** WHAT YOU NEED TO DO **
Give every entry again, unchanged, and leave its images out.

----

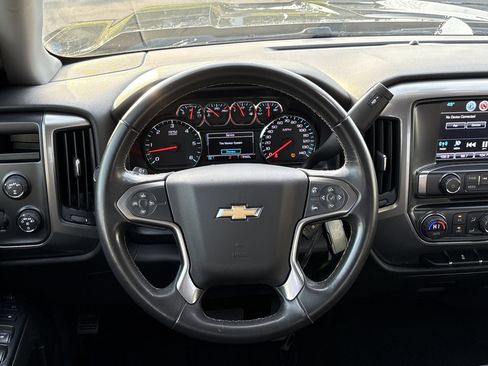 Used 2018 Chevrolet Silverado 1500 LT w/ All Star Edition image 20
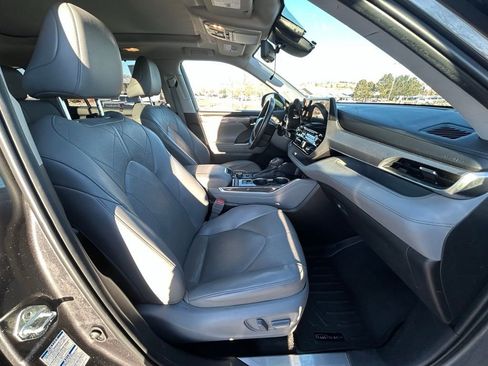 Used 2022 Toyota Highlander Platinum image 33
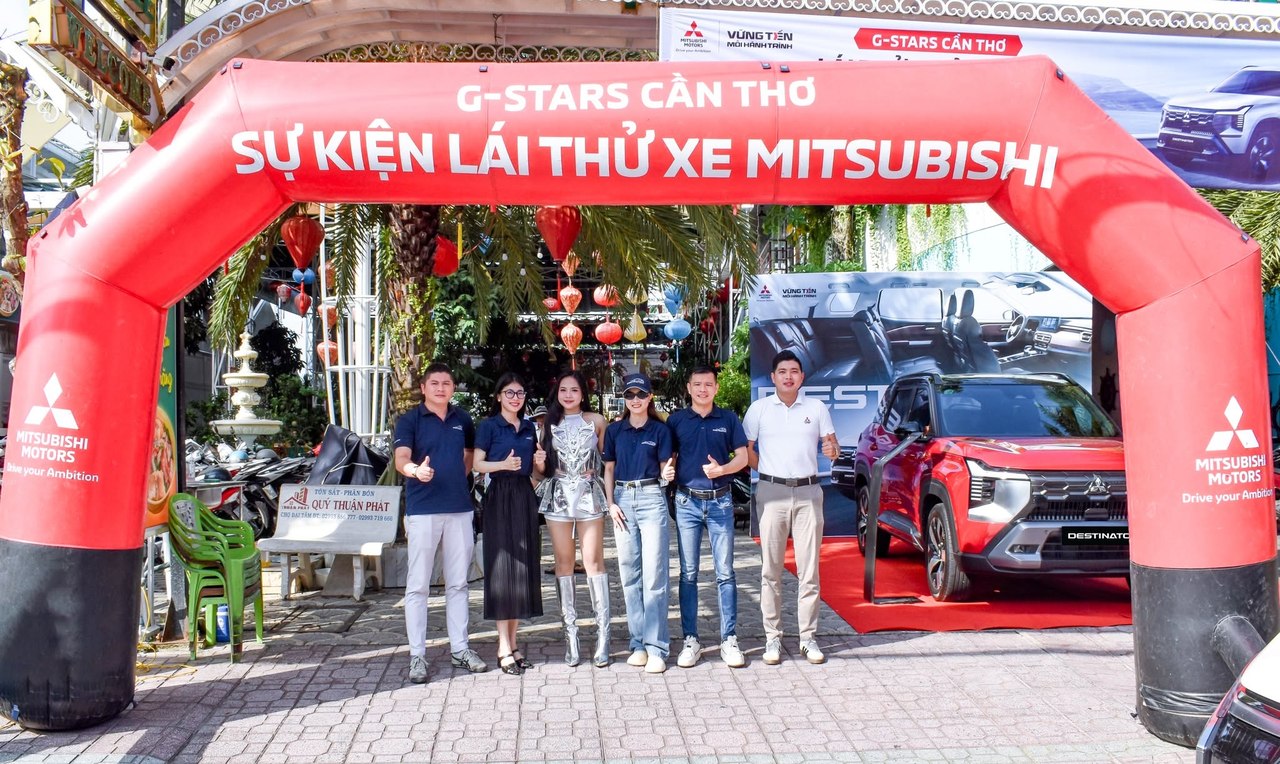 Cổng chào sự kiện lái thử xe Mitsubishi tại Cafe Thuận Phát Sóc Trăng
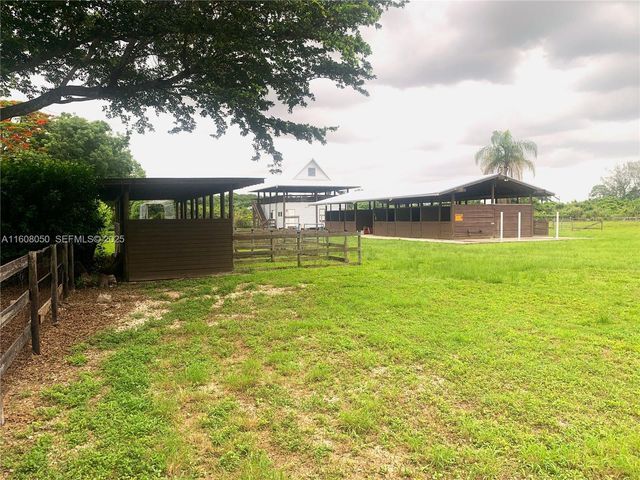 22750 SW 154th Avenue, Miami, FL 33170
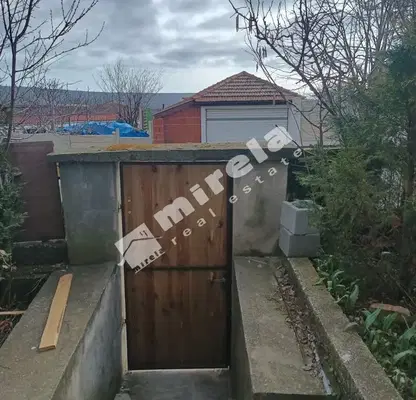 Снимка 2 — Къща в Бургас, с. Баня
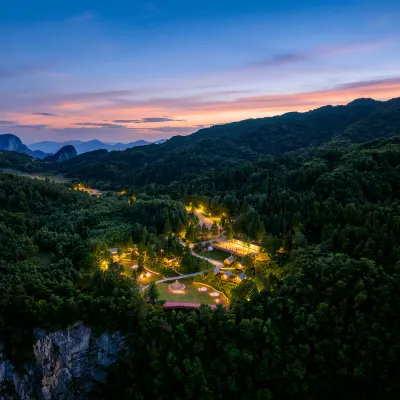 Cloudstream · Canyon Cliff Dwelling | Forest Wilderness Resort Hotels near Tianmen Mountain National Forest Park - Escalator
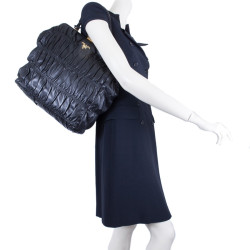 Sac PRADA cuir noir plissé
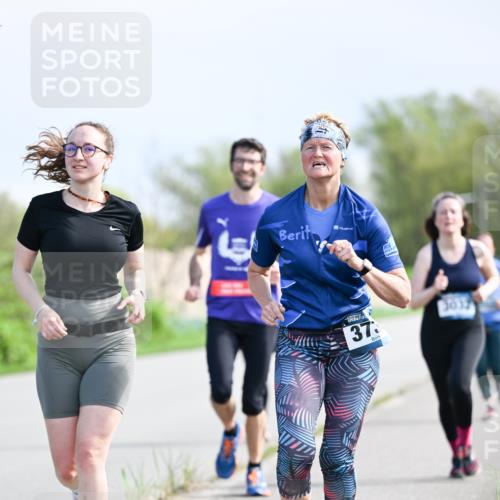 07.04.2024 - 43. Internationalen Wilhelmsburger Insellauf Dr. Thomas Lammeyer http://msf.ph/oto/6050876 07.04.2024 11:19:33 Laufen 37, 3032 meine-sportfotos.de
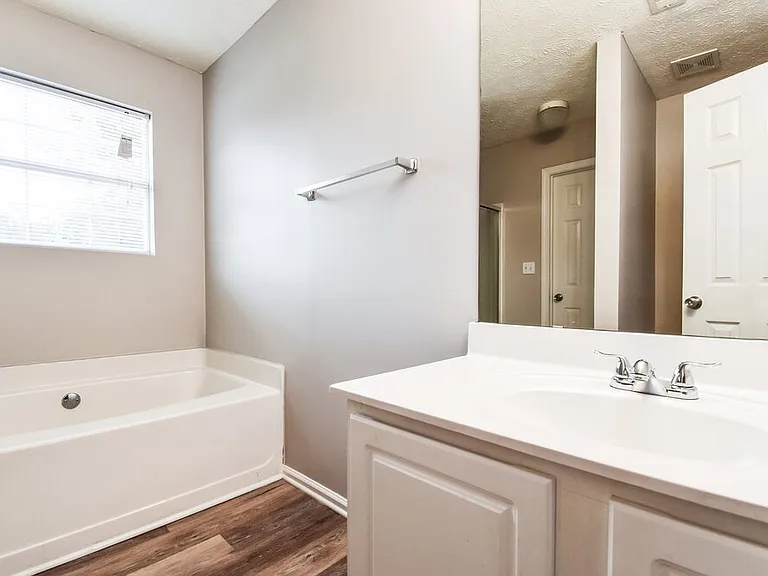 1322 Sandybrook Ct — Photo 13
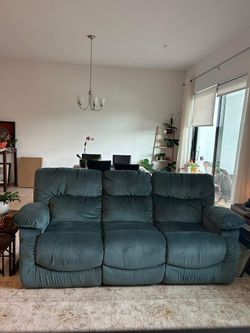 LA-Z-BOY 3 SEAT SOFA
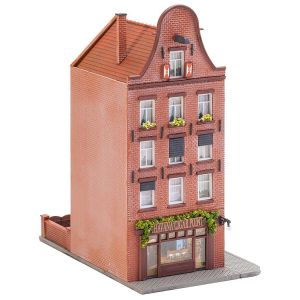 Faller 232335 Old town house with cigar shop, N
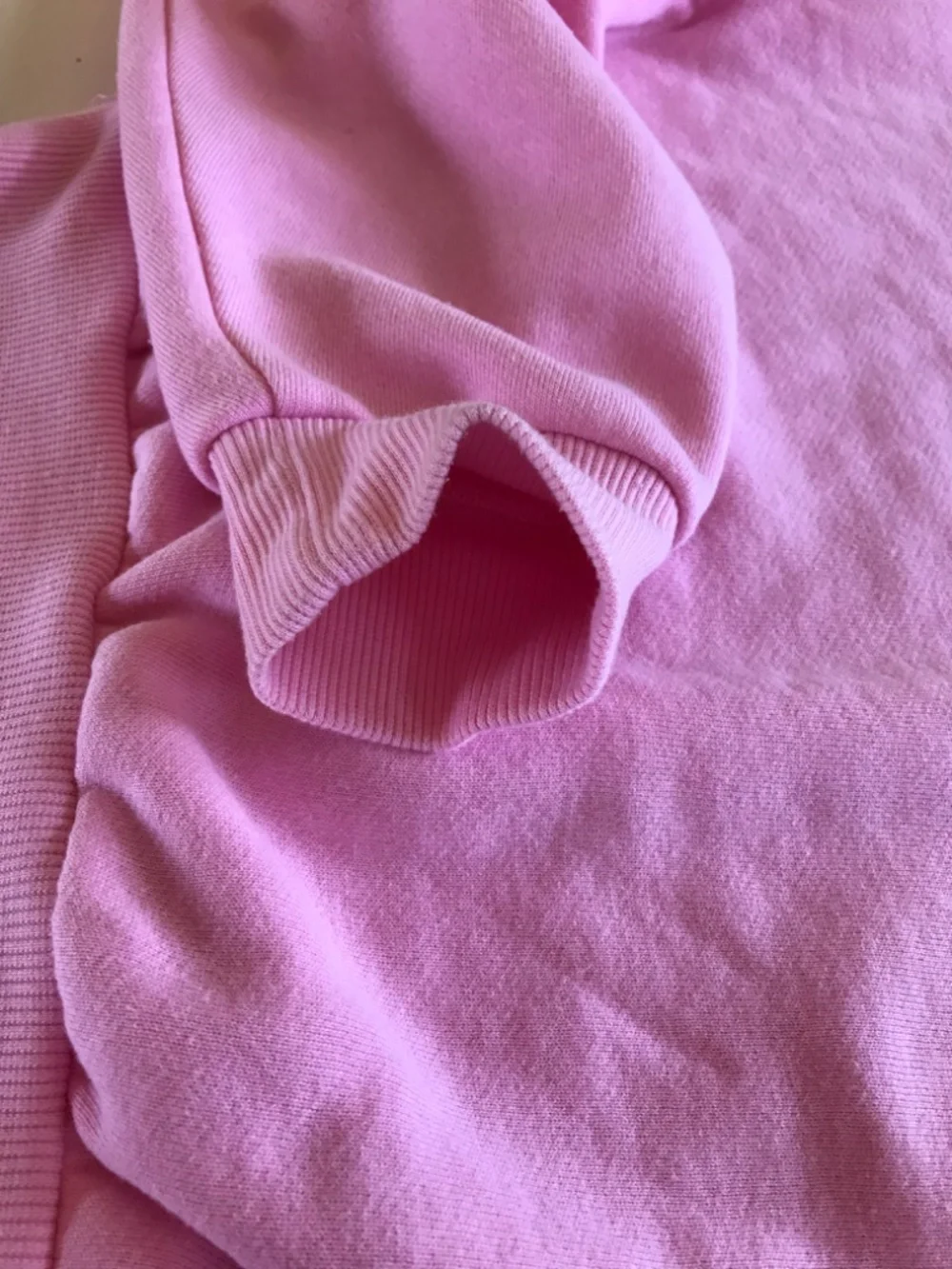 ALO SWEET PINK CROPPED ACCOLADE CREWNECK SWEATSHIRT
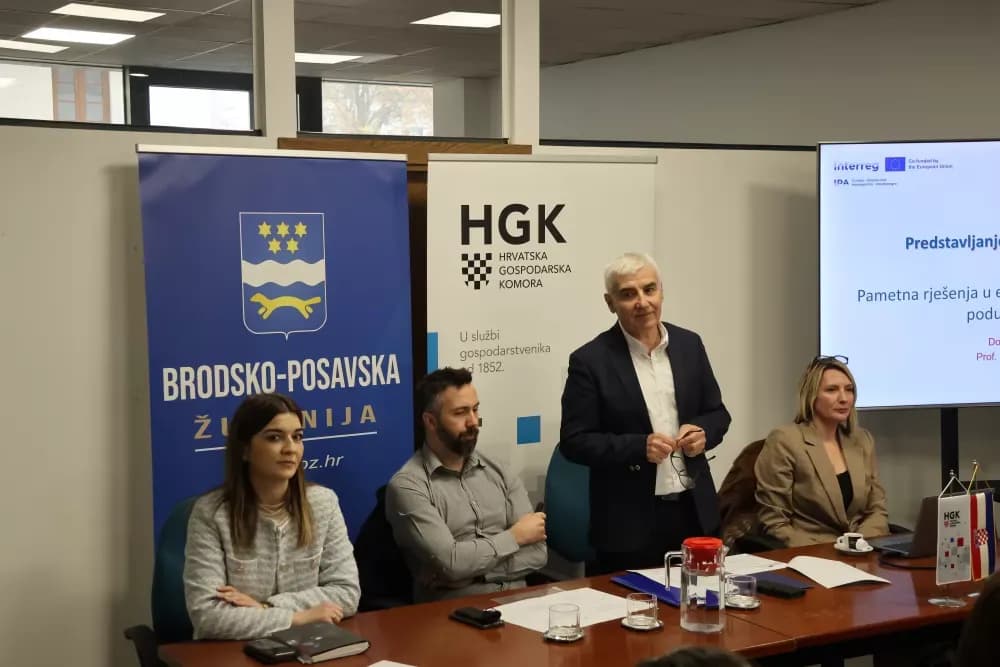 U HGK – ŽK Slavonski Brod održana radionica „Fiskalizacija 2.0 – 1 URED – 1 RJEŠENJE“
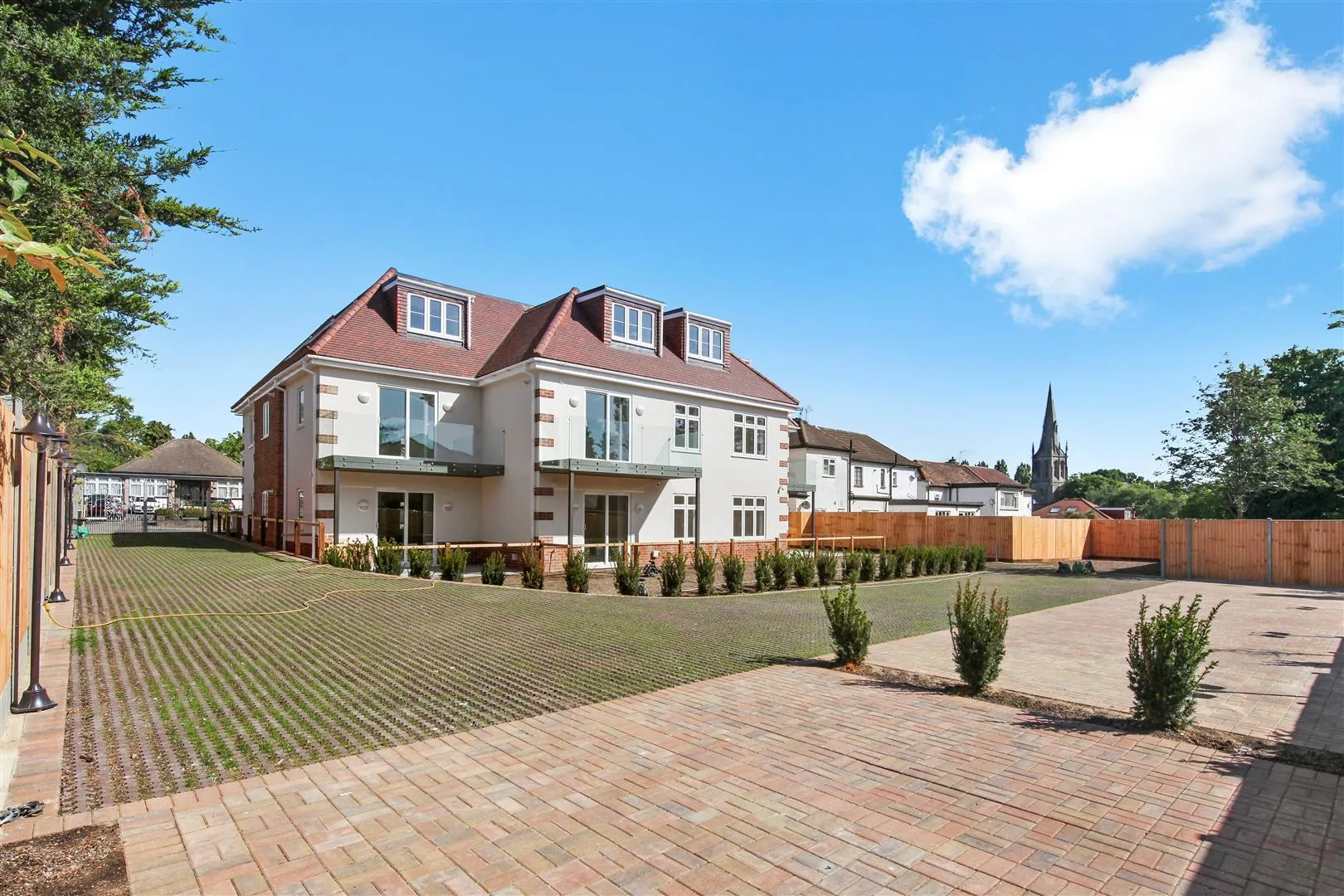 Flat Tudor Gardens in Greater London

----

** OUTPUT OF THE EXERCISE **
 Used 2018 Chevrolet Silverado 1500 LT w/ All Star Edition image 20
 Used 2022 Toyota Highlander Platinum image 33
 Cổng chào sự kiện lái thử xe Mitsubishi tại Cafe Thuận Phát Sóc Trăng
 22750 SW 154th Avenue, Miami, FL 33170
 Снимка 2 — Къща в Бургас, с. Баня
 Cloudstream · Canyon Cliff Dwelling | Forest Wilderness Resort Hotels near Tianmen Mountain National Forest Park - Escalator
 Sac PRADA cuir noir plissé
 07.04.2024 - 43. Internationalen Wilhelmsburger Insellauf Dr. Thomas Lammeyer http://msf.ph/oto/6050876 07.04.2024 11:19:33 Laufen 37, 3032 meine-sportfotos.de
 1322 Sandybrook Ct — Photo 13
 LA-Z-BOY 3 SEAT SOFA
 Faller 232335 Old town house with cigar shop, N
 ALO SWEET PINK CROPPED ACCOLADE CREWNECK SWEATSHIRT
 U HGK – ŽK Slavonski Brod održana radionica „Fiskalizacija 2.0 – 1 URED – 1 RJEŠENJE“
 Flat Tudor Gardens in Greater London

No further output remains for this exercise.